Activity. Using the entries that follow, write out the line containing "camisa masculina jeans manga longa cinza", the line containing "Posh Peanut Red", and every line between them, exactly and nothing else.

Available data.
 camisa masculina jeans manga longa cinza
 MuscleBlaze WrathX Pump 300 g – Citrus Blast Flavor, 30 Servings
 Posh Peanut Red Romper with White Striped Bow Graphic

--

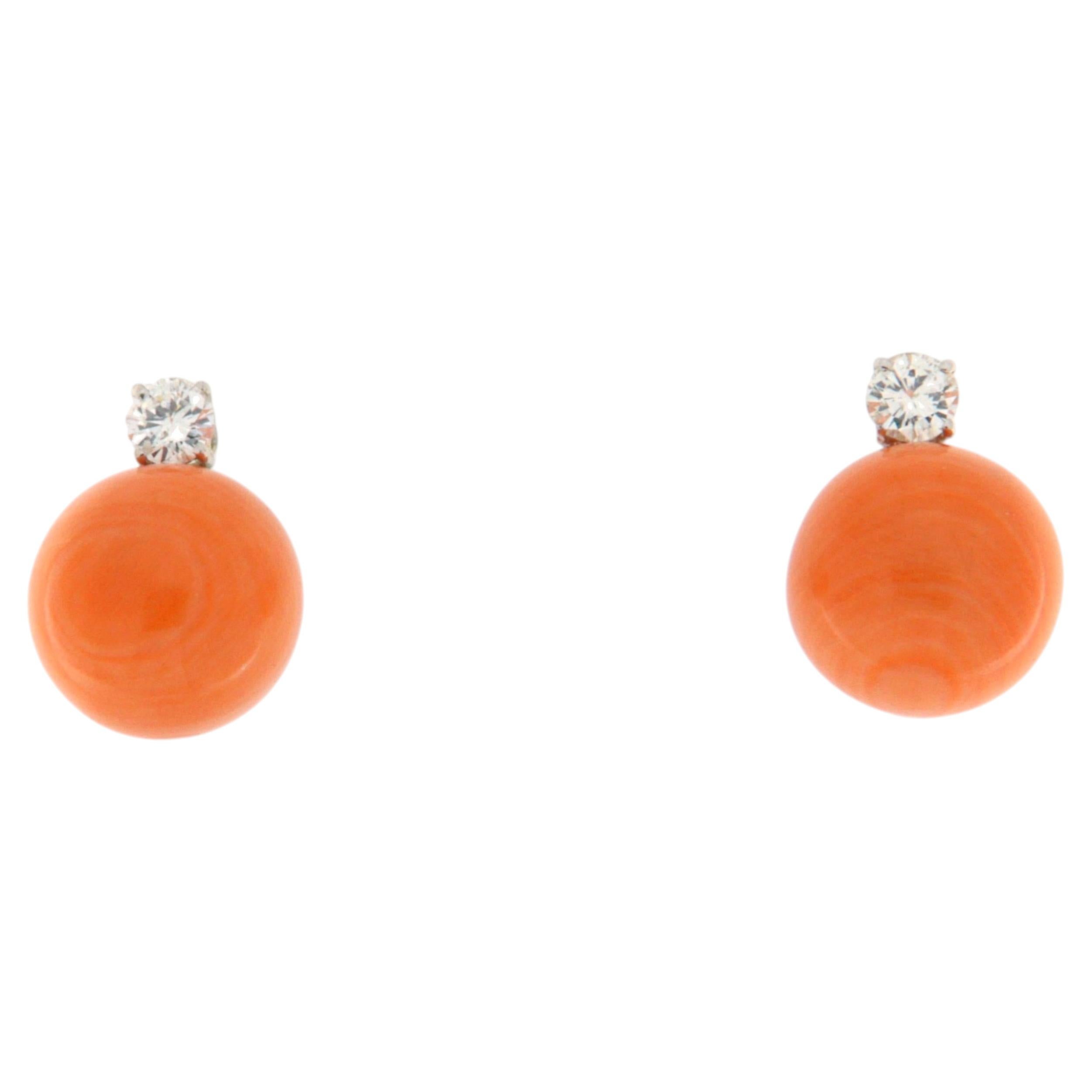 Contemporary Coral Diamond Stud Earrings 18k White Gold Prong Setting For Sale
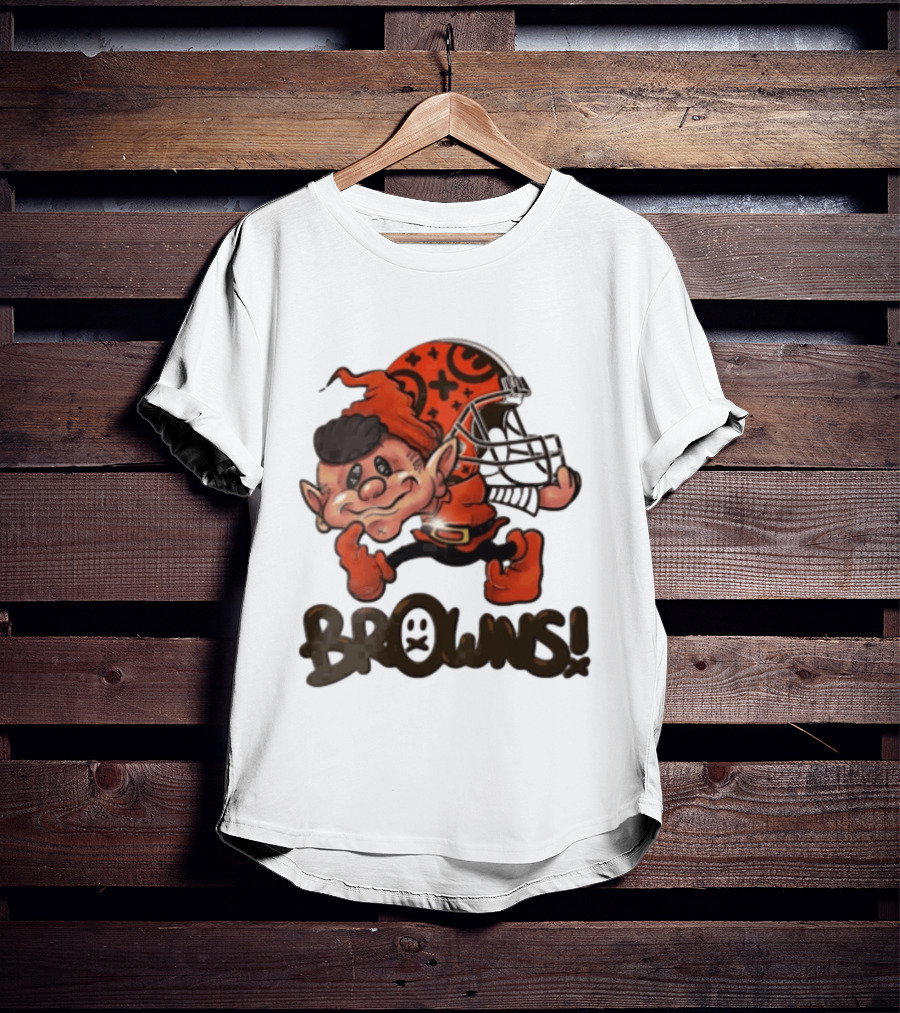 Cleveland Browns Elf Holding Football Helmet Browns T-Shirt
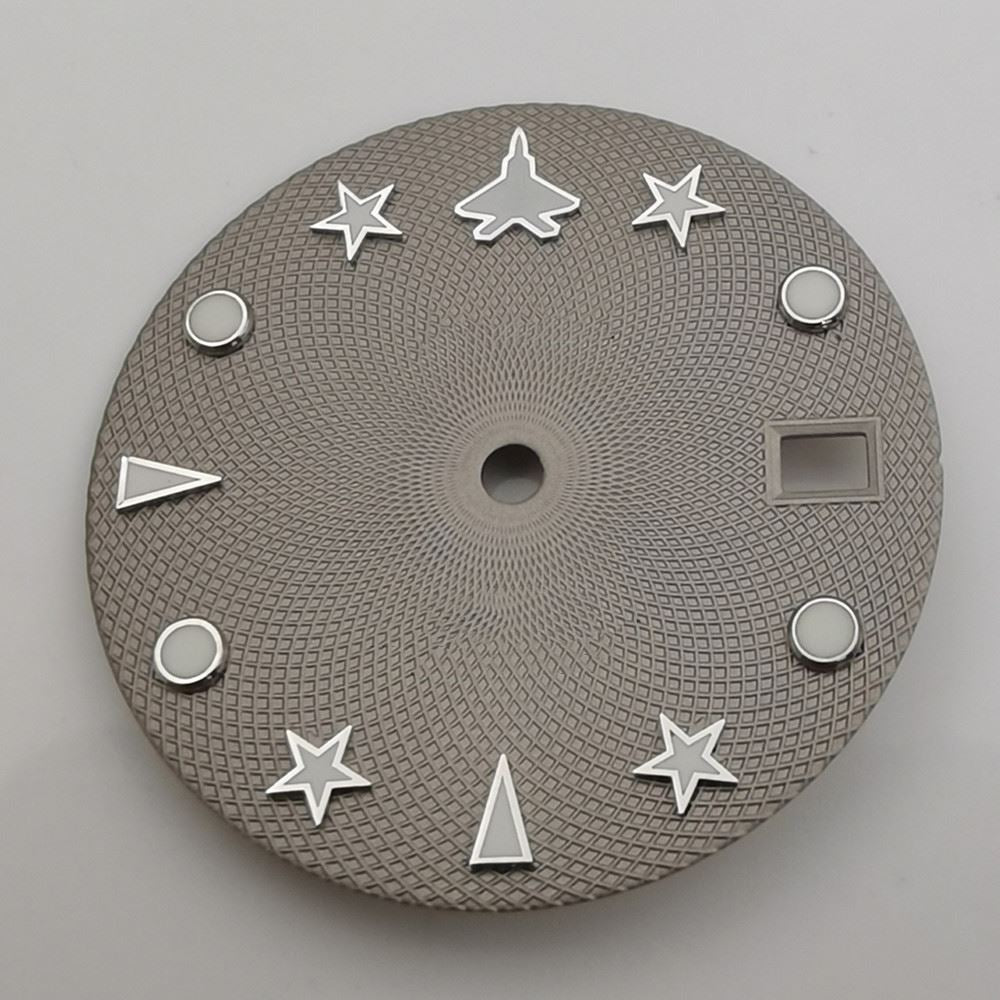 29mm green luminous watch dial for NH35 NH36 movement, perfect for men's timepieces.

--

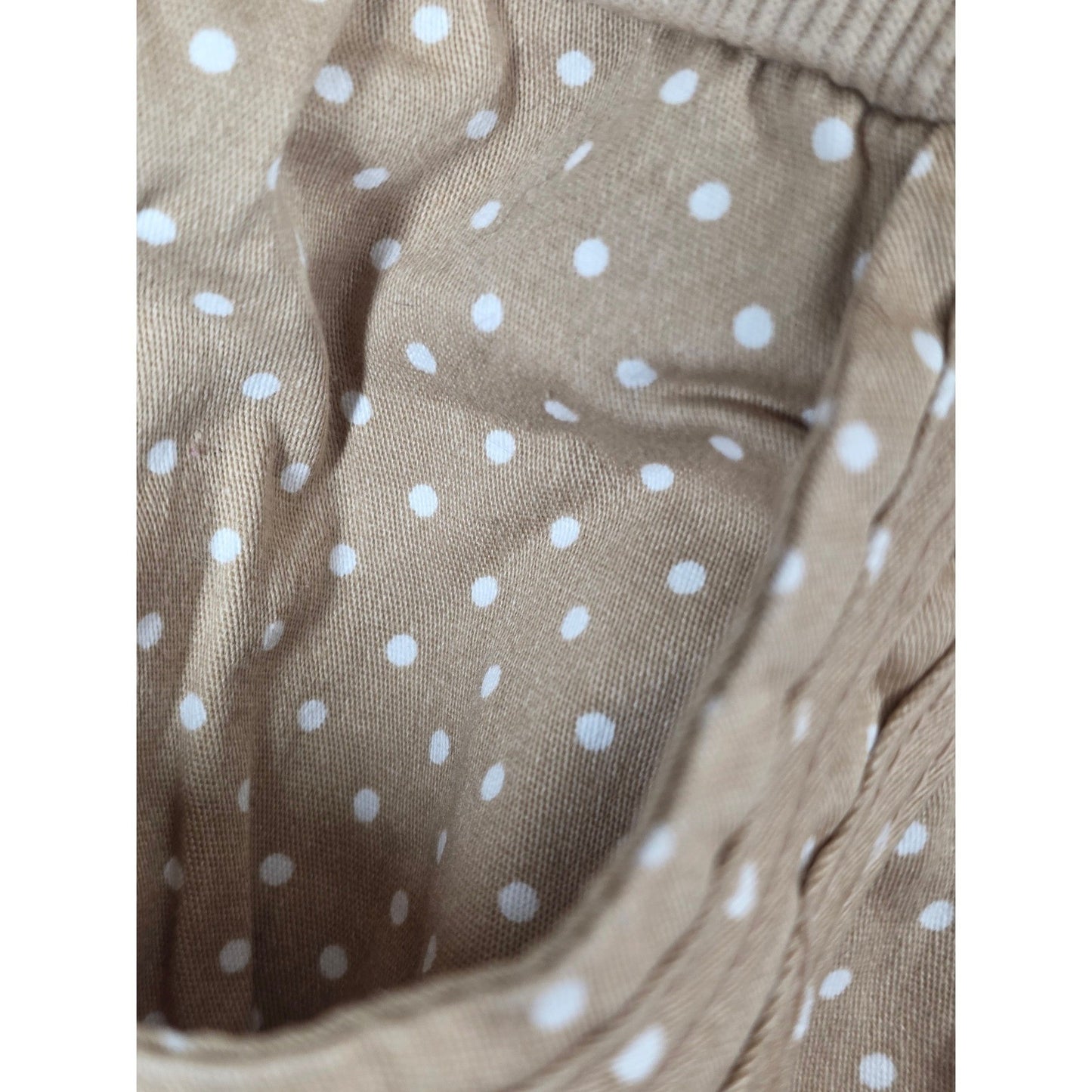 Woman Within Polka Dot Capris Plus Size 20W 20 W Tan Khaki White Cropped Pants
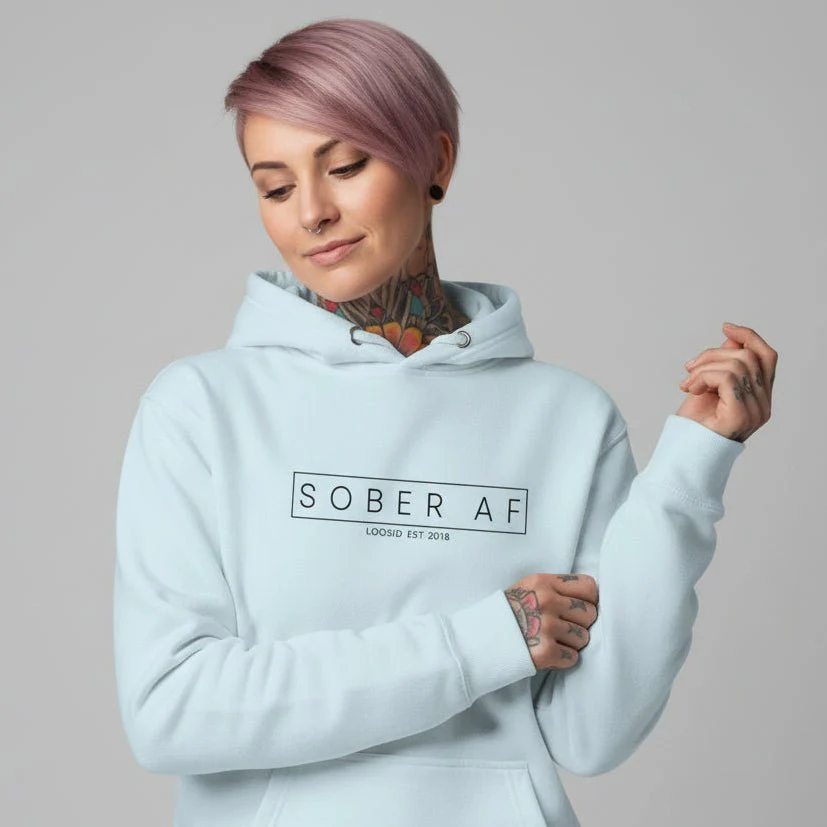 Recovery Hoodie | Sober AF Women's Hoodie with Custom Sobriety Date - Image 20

Answer.
 camisa masculina jeans manga longa cinza
 MuscleBlaze WrathX Pump 300 g – Citrus Blast Flavor, 30 Servings
 Posh Peanut Red Romper with White Striped Bow Graphic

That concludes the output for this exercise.